Are you investing to grow your capital, or to generate a regular income from your investments? The second option is popular with retirees. For income, you could choose equity income funds, bonds, or shares in companies that pay out regular dividends to shareholders, for example. You can spend the income or reinvest dividends to ramp up your returns. If you want capital growth, you can choose shares in companies which plough their cash back into their business to grow instead of returning money to shareholders.
3. The types of investment
If you’re new to investing, you’ll need to get a handle on the different types of asset classes and investment vehicles available to buy. These include individual stocks and bonds, but many novice investors will start off by pooling their money with others in a fund managed by an investment professional. Funds will usually be cheaper to buy and sell on an investment platform, and a better way to spread your risk than buying one or two shares. Fund managers charge fees, but you can cut management costs by choosing passively managed funds such as exchange traded funds (ETFs) or index trackers.
You can search the range of ETFs offered by IG here.
4. Why diversify?
A crucial principle in investing, diversification essentially means not putting all your eggs in one basket. By having a diverse mix of investments from across the major asset classes (stocks, bonds, property, alternatives, cash), your holdings should each behave differently, meaning it’s less likely that everything in your portfolio will fall at once.
Read more about investing and the power of diversification
5. Size matters
While diversification is important, it’s also a mistake to stuff your portfolio full of too many positions. You could end up doubling up your exposure, and paying too much in charges and dealing costs. It’s about striking the right balance: a handful of carefully chosen positions is probably fine if you’re finding your feet as an investor, but even just one well diversified multi—asset fund would be a good start.
6. Investments can go down as well as up
When you are building your portfolio, be realistic about returns. Markets rise and fall, and that means the value of your portfolio can go down as well as up. Investing is not a get—rich—quick scheme, you need to play the long game to have the best chance of success, and think carefully about what you can afford to lose.
7. You can’t time the market
Patience is a virtue when it comes to investing. A common mistake people make is to panic when things are falling and sell out to try to limit their losses, but even the world’s best investors admit they can’t correctly time the market. A better tactic is to ‘ride the dips’ — in fact, professional investors buy more of the stocks they like when prices fall.
Learn more about whether it’s time in the market or timing the market
8. Avoid churning
Ideally, when building your portfolio you will do your research and find things you think can perform well over the long term. Excessive buying and selling (known as ‘churning’) will end up costing a lot in dealing charges, and this could easily cancel out any gains you make from the investments themselves.
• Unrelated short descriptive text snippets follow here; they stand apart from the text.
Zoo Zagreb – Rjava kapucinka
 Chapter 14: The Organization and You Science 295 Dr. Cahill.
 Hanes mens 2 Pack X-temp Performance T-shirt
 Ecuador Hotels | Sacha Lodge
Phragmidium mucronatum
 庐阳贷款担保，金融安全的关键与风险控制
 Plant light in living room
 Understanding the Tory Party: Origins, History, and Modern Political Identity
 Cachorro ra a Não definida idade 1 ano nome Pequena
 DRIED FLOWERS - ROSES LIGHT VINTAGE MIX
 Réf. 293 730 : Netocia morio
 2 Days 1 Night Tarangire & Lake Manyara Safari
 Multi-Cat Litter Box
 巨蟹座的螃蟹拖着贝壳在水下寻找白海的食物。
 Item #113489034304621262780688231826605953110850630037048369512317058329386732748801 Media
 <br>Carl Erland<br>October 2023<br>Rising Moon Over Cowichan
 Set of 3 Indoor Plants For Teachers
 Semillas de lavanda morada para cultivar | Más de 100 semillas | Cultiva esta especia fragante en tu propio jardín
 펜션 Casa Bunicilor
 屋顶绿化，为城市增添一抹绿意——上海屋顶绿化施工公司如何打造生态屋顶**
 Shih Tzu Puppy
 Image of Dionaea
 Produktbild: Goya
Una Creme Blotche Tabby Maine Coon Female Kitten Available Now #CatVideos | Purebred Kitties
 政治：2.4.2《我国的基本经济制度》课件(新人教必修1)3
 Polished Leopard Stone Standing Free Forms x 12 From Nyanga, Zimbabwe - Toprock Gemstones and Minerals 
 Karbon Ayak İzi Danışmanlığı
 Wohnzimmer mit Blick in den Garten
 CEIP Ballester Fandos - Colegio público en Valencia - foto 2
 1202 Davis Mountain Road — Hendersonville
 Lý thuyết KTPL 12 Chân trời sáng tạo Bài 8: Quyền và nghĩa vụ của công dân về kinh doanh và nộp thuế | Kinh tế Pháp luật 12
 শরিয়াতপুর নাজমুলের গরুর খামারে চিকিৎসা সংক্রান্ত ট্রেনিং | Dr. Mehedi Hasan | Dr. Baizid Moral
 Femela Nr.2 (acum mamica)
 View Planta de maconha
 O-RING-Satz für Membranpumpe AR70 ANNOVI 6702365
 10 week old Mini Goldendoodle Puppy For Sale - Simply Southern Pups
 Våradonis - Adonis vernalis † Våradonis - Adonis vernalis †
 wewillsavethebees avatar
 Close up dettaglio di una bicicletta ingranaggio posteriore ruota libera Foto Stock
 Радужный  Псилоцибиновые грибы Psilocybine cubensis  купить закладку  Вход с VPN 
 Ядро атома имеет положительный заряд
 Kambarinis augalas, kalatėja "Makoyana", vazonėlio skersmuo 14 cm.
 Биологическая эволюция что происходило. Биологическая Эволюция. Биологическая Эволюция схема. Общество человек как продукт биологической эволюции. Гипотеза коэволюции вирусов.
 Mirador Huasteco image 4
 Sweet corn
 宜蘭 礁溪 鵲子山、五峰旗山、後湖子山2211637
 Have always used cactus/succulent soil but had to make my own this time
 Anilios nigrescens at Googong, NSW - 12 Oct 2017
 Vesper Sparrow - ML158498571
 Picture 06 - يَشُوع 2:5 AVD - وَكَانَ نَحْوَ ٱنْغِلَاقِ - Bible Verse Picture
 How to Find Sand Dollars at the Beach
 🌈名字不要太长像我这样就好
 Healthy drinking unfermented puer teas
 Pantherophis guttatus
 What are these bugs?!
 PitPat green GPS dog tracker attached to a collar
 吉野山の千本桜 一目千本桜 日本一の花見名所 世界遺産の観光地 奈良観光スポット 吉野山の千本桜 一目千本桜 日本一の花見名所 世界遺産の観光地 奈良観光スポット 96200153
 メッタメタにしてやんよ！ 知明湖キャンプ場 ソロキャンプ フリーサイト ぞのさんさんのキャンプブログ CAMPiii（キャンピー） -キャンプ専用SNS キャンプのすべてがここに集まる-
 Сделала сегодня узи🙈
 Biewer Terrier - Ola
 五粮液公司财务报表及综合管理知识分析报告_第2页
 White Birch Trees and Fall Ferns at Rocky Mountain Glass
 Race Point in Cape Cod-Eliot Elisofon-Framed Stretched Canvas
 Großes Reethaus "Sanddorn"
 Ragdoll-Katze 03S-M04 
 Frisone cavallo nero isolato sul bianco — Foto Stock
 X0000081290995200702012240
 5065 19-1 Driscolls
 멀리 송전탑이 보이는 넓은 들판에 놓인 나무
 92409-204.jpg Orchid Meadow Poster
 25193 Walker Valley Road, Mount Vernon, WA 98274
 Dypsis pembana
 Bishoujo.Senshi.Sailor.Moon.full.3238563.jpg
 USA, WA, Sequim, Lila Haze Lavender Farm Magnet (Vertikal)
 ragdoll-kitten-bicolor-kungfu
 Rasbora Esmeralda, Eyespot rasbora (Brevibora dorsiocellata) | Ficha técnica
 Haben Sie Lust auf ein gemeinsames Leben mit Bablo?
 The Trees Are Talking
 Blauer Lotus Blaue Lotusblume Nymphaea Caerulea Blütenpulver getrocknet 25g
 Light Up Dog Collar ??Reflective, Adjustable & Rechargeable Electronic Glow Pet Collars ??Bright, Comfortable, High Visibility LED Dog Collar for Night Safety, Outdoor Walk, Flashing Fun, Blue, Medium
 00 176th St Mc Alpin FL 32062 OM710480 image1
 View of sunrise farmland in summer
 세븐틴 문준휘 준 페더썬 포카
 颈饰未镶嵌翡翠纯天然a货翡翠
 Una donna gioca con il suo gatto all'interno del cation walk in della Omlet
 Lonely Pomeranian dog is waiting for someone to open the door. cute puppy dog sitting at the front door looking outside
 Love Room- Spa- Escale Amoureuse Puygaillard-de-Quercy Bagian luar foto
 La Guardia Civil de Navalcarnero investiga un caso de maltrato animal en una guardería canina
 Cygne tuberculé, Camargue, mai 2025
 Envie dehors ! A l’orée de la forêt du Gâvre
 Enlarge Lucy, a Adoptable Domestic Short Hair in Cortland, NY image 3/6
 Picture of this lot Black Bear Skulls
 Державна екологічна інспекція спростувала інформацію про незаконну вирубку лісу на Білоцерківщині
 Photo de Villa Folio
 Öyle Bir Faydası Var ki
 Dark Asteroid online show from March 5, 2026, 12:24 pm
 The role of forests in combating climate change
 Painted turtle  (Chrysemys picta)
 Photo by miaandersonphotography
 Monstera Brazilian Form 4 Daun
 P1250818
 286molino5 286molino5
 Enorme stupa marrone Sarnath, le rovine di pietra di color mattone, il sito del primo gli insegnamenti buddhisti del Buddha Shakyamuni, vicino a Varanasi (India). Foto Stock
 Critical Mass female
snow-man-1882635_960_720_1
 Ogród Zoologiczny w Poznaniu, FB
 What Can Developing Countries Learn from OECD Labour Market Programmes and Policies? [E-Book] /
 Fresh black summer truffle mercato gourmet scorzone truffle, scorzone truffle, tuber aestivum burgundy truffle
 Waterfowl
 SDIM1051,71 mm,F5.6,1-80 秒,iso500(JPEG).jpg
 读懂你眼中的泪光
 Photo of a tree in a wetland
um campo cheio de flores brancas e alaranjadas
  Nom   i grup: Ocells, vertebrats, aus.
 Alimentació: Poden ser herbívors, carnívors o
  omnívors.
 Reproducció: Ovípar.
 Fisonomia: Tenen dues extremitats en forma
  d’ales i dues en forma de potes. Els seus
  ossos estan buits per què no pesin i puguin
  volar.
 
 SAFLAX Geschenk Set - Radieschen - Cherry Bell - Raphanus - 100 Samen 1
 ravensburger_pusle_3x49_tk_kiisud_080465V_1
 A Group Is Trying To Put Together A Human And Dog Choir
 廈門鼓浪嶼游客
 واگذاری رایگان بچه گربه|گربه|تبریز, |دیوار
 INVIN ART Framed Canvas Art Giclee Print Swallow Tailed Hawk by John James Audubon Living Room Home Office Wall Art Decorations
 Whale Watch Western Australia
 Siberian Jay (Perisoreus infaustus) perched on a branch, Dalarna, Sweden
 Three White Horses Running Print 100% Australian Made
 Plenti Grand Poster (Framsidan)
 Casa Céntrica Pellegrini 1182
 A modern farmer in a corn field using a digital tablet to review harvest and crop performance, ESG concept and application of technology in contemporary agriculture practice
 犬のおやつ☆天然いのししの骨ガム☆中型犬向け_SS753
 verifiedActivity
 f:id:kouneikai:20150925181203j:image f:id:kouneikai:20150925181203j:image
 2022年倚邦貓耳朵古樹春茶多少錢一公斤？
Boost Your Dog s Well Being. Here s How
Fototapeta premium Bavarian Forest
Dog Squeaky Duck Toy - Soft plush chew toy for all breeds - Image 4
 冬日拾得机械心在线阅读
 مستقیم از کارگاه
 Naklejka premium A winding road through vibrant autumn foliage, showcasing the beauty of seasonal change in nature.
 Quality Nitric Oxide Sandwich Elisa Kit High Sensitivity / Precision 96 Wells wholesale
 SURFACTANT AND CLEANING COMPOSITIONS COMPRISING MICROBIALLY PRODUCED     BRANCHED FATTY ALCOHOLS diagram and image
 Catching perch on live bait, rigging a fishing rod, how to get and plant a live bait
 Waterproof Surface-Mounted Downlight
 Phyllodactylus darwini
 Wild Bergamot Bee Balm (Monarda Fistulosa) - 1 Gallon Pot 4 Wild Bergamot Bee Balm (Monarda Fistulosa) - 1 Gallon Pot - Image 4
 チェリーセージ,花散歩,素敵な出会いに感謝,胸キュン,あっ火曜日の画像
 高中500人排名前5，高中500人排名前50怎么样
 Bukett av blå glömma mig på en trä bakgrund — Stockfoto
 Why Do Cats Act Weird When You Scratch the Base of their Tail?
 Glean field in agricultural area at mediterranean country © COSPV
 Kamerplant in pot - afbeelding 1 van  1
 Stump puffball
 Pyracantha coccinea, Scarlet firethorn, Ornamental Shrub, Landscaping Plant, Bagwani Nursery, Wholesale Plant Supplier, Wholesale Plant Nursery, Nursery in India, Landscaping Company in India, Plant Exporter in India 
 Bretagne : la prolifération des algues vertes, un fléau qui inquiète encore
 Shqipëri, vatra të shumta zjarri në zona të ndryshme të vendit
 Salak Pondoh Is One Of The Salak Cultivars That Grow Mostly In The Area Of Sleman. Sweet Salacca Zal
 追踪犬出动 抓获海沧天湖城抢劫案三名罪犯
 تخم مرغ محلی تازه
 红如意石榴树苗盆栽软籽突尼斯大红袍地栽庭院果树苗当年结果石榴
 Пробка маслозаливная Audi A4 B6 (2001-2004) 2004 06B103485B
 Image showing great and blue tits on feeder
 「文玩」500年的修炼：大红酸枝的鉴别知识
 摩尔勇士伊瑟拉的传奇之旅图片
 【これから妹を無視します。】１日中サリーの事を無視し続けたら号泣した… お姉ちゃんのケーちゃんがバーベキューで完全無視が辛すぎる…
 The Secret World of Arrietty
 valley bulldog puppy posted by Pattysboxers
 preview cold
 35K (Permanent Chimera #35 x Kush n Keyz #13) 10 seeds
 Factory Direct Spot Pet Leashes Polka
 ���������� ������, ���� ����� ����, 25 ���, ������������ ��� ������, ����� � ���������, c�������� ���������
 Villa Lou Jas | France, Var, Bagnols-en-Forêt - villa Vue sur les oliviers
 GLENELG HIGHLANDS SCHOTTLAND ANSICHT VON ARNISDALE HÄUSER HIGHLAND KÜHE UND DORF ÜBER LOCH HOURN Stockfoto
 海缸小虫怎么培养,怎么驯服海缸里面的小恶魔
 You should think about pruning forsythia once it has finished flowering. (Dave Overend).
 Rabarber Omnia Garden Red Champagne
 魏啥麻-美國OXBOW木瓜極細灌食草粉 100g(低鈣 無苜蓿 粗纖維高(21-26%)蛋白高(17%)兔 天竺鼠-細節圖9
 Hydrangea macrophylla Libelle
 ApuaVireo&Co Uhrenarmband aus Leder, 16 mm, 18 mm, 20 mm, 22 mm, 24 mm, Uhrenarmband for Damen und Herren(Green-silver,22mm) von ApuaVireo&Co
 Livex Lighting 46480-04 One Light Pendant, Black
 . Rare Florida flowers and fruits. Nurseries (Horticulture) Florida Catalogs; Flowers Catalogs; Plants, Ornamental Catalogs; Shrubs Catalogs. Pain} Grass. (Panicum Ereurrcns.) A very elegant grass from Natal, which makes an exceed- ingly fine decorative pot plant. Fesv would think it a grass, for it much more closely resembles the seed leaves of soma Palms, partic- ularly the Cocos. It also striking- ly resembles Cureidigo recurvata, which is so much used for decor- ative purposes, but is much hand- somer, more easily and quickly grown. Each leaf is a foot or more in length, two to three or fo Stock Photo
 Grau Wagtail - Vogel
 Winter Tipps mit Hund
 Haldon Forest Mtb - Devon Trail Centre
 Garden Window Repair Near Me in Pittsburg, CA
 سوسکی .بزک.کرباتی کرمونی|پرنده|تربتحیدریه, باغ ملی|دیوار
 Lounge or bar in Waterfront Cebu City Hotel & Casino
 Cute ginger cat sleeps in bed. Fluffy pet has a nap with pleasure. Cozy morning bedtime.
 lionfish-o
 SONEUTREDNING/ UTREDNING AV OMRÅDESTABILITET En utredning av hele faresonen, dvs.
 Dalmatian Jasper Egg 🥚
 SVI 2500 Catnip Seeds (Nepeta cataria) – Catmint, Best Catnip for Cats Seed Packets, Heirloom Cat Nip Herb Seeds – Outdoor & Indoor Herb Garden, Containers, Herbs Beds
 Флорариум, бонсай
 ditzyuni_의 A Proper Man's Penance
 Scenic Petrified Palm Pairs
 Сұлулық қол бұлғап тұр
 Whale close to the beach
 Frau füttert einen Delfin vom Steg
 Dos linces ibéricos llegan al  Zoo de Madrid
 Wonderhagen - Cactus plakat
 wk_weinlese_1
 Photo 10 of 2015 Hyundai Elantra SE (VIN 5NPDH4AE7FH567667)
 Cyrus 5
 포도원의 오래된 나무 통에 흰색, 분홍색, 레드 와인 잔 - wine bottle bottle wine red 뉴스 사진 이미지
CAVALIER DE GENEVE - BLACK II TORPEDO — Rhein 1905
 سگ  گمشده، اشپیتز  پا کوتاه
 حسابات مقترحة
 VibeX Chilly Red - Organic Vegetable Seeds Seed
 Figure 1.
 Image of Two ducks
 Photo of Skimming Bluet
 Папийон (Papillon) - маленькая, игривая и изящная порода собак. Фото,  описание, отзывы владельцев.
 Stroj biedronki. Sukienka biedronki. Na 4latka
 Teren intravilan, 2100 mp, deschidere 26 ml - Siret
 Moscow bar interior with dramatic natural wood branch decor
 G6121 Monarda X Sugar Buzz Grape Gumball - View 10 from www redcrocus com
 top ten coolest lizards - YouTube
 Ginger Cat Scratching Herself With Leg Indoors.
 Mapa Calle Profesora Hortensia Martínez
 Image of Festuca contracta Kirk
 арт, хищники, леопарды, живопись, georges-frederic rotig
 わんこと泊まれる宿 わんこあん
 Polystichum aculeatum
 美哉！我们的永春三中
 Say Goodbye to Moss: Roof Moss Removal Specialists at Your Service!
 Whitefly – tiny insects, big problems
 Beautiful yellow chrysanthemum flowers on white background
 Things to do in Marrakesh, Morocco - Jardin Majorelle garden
Many professional fund managers buy and hold their stocks for at least three to five years, so you might want to take a similar approach.
9. Understand risk
Generally, the more risk you are willing to take, the greater the potential reward. But what is an acceptable level of risk to you? It will depend on many things, such as your life stage, when you will need to access your money, and how relaxed you feel about losses. It may change over time as you focus more on preserving rather than growing your capital as you age. Online robo—advisers usually have questionnaires which can help you work out your risk tolerance, why not try out one of these to see what portfolio mix they recommend for you?
10. Buy what you know
There are plenty of weird and wonderful investment opportunities out there which promise huge returns, but might not be what they seem. Buying investments you understand, such as shares in brands you recognise or funds investing in your home market, is probably a safer strategy than buying what looks like the hottest new thing and might prove too good to be true.